CB: Die rosarote Brille setze ich schon hin und wieder auf. Zu viel Realität ist ja nicht gut fürs Gemüt. Dennoch ist es so, dass sich zu Beginn des Arbeitsprozesses stets ein Gedanke in mir formt, den ich dann konkret verfolge, also ins Werk setze. Da ist dann, zugegeben, selten Platz fürs Rosarote.

FL: Apropos Gemüt: Einsamkeit und das Bewusstsein der eigenen Vergänglichkeit sind zwei Ihrer Leitmotive. Was daran ist schön?
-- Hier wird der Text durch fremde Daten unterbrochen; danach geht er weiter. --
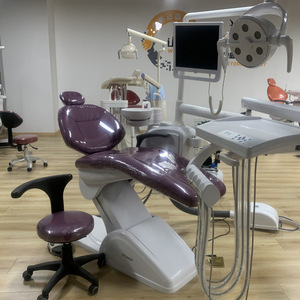 Sedia odontoiatrica orale elettrica con tavolo di trattamento accessori completi per macchine per uso transfrontaliero all'estero - Product Image 1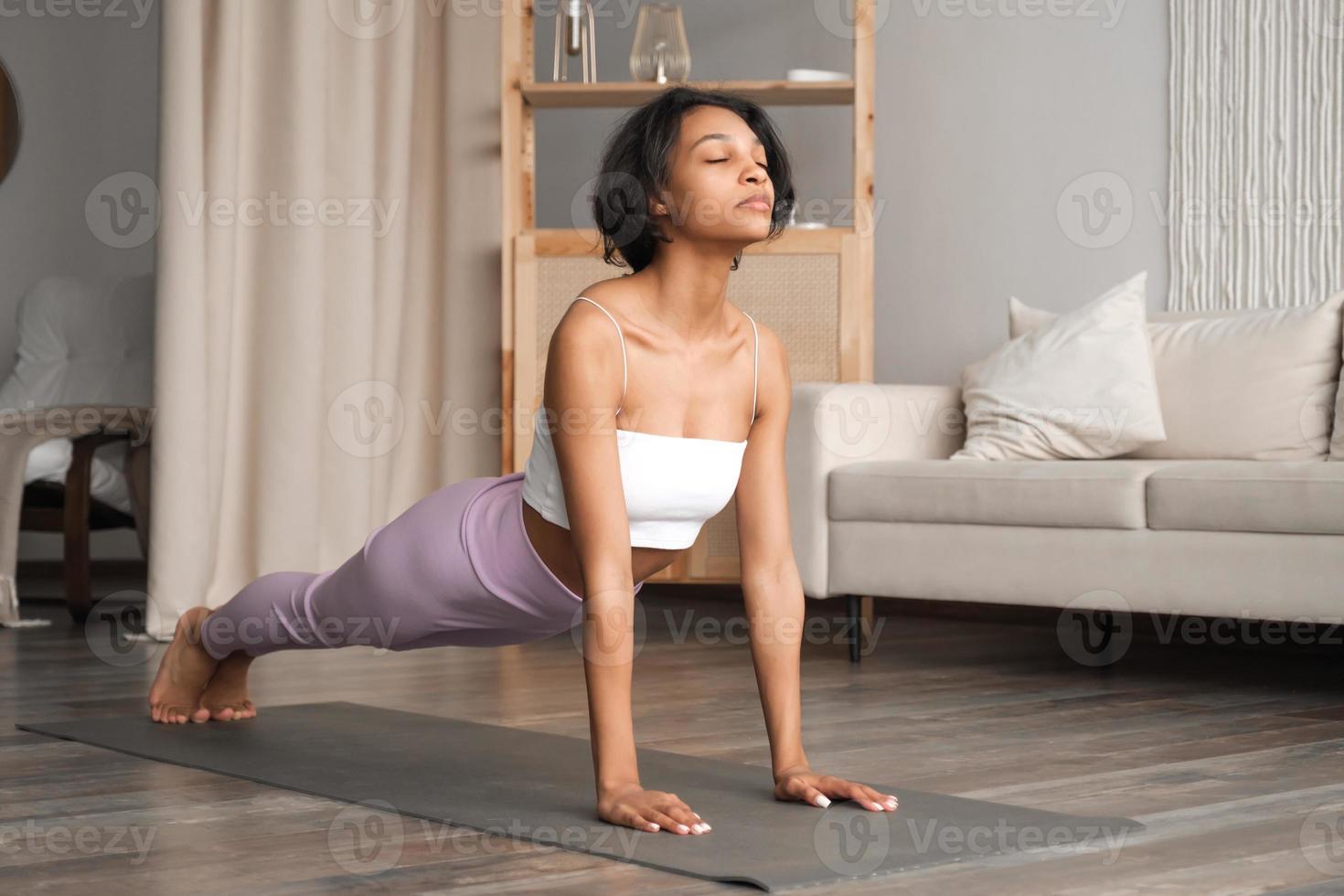 Yoga concept with happy woman in asana at home. Zen and wellness concept with place for text photo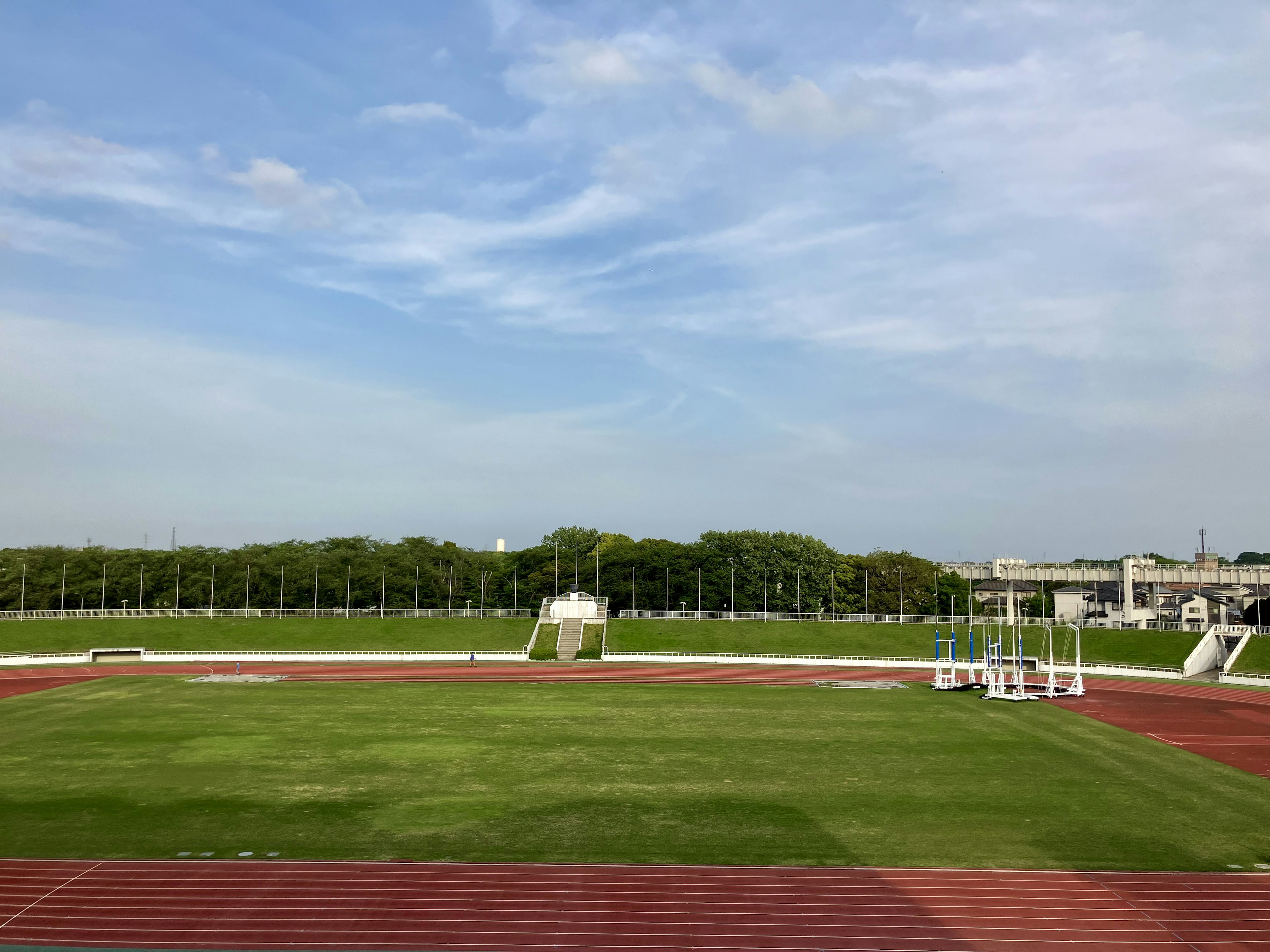 Lapangan atletik dengan rumput hijau dan langit biru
CB: Ich glaube, es ist schön, dass unser Leben vergänglich ist. Die Einsamkeit – auch im Angesicht des Todes – führt die Menschen komplett zu sich. Ich bin mir bewusst, dass meine Arbeiten in diese Richtung steuern – figurative Bildhauerei kann Menschen durchaus auf sich zurückwerfen. Das führt gelegentlich dazu, dass sich die Betrachtenden einsam fühlen. Aber sie können im Zuge der Reflexion meiner Werke dadurch eventuell einen Weg zu sich selbst finden. In der heutigen Zeit halte ich das für sehr bedeutsam, zumal fast alle Stimuli, die wir aktuell bekommen, darauf abzielen, dass wir das Äußere entdecken, nicht das Innere. Kontemplation ist ja fast schon zum Schimpfwort geworden. Innehalten ist out. Eine fatale Entwicklung. Es wäre schön, wenn meine Skulpturen es schaffen, diesem Trend Einhalt zu gebieten – oder wenigstens die Betrachtenden mit der Frage zu konfrontieren, ob das Lebenswerte nur aus äußeren Stimuli, aus Materiellem besteht. Insofern durchbrechen die Skulpturen vielleicht wirklich die vierte Wand – hinter der sich jedoch das Innere verbirgt und nicht das Publikum.